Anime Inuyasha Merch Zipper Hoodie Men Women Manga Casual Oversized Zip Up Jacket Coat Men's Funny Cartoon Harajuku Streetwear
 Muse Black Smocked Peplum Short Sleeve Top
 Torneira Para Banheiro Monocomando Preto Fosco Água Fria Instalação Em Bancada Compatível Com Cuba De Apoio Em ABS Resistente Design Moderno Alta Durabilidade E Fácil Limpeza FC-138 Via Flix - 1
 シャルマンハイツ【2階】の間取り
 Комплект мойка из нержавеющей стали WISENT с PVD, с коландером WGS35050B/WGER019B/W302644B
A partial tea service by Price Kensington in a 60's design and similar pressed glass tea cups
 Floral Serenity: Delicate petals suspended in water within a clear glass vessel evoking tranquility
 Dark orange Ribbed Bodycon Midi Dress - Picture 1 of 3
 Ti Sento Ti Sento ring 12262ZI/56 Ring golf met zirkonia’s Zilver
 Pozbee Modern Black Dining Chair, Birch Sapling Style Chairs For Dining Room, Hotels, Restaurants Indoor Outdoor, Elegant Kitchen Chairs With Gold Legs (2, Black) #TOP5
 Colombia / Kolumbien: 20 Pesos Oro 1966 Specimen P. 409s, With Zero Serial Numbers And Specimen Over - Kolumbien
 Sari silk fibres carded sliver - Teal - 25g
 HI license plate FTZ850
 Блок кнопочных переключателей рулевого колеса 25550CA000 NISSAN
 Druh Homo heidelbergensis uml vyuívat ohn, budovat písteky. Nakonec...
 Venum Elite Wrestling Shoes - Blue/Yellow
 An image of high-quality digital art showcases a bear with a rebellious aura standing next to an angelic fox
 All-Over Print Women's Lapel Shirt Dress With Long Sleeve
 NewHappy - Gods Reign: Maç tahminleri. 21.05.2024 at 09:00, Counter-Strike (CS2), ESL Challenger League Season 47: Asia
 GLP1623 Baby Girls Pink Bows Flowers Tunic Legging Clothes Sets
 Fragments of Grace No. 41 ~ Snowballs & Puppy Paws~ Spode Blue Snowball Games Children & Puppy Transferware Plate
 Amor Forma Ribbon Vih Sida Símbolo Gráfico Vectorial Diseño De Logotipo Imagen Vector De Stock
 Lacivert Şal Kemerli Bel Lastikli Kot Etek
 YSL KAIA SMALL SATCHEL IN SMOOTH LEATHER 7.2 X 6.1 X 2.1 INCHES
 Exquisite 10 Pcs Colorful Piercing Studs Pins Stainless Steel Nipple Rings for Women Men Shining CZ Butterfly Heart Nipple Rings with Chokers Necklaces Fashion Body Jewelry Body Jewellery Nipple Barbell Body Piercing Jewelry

+ + +

* **TASK TO COMPLETE**: Please restate the whole listing word for word.

* **TASK RESPONSE**:
Anime Inuyasha Merch Zipper Hoodie Men Women Manga Casual Oversized Zip Up Jacket Coat Men's Funny Cartoon Harajuku Streetwear
 Muse Black Smocked Peplum Short Sleeve Top
 Torneira Para Banheiro Monocomando Preto Fosco Água Fria Instalação Em Bancada Compatível Com Cuba De Apoio Em ABS Resistente Design Moderno Alta Durabilidade E Fácil Limpeza FC-138 Via Flix - 1
 シャルマンハイツ【2階】の間取り
 Комплект мойка из нержавеющей стали WISENT с PVD, с коландером WGS35050B/WGER019B/W302644B
A partial tea service by Price Kensington in a 60's design and similar pressed glass tea cups
 Floral Serenity: Delicate petals suspended in water within a clear glass vessel evoking tranquility
 Dark orange Ribbed Bodycon Midi Dress - Picture 1 of 3
 Ti Sento Ti Sento ring 12262ZI/56 Ring golf met zirkonia’s Zilver
 Pozbee Modern Black Dining Chair, Birch Sapling Style Chairs For Dining Room, Hotels, Restaurants Indoor Outdoor, Elegant Kitchen Chairs With Gold Legs (2, Black) #TOP5
 Colombia / Kolumbien: 20 Pesos Oro 1966 Specimen P. 409s, With Zero Serial Numbers And Specimen Over - Kolumbien
 Sari silk fibres carded sliver - Teal - 25g
 HI license plate FTZ850
 Блок кнопочных переключателей рулевого колеса 25550CA000 NISSAN
 Druh Homo heidelbergensis uml vyuívat ohn, budovat písteky. Nakonec...
 Venum Elite Wrestling Shoes - Blue/Yellow
 An image of high-quality digital art showcases a bear with a rebellious aura standing next to an angelic fox
 All-Over Print Women's Lapel Shirt Dress With Long Sleeve
 NewHappy - Gods Reign: Maç tahminleri. 21.05.2024 at 09:00, Counter-Strike (CS2), ESL Challenger League Season 47: Asia
 GLP1623 Baby Girls Pink Bows Flowers Tunic Legging Clothes Sets
 Fragments of Grace No. 41 ~ Snowballs & Puppy Paws~ Spode Blue Snowball Games Children & Puppy Transferware Plate
 Amor Forma Ribbon Vih Sida Símbolo Gráfico Vectorial Diseño De Logotipo Imagen Vector De Stock
 Lacivert Şal Kemerli Bel Lastikli Kot Etek
 YSL KAIA SMALL SATCHEL IN SMOOTH LEATHER 7.2 X 6.1 X 2.1 INCHES
 Exquisite 10 Pcs Colorful Piercing Studs Pins Stainless Steel Nipple Rings for Women Men Shining CZ Butterfly Heart Nipple Rings with Chokers Necklaces Fashion Body Jewelry Body Jewellery Nipple Barbell Body Piercing Jewelry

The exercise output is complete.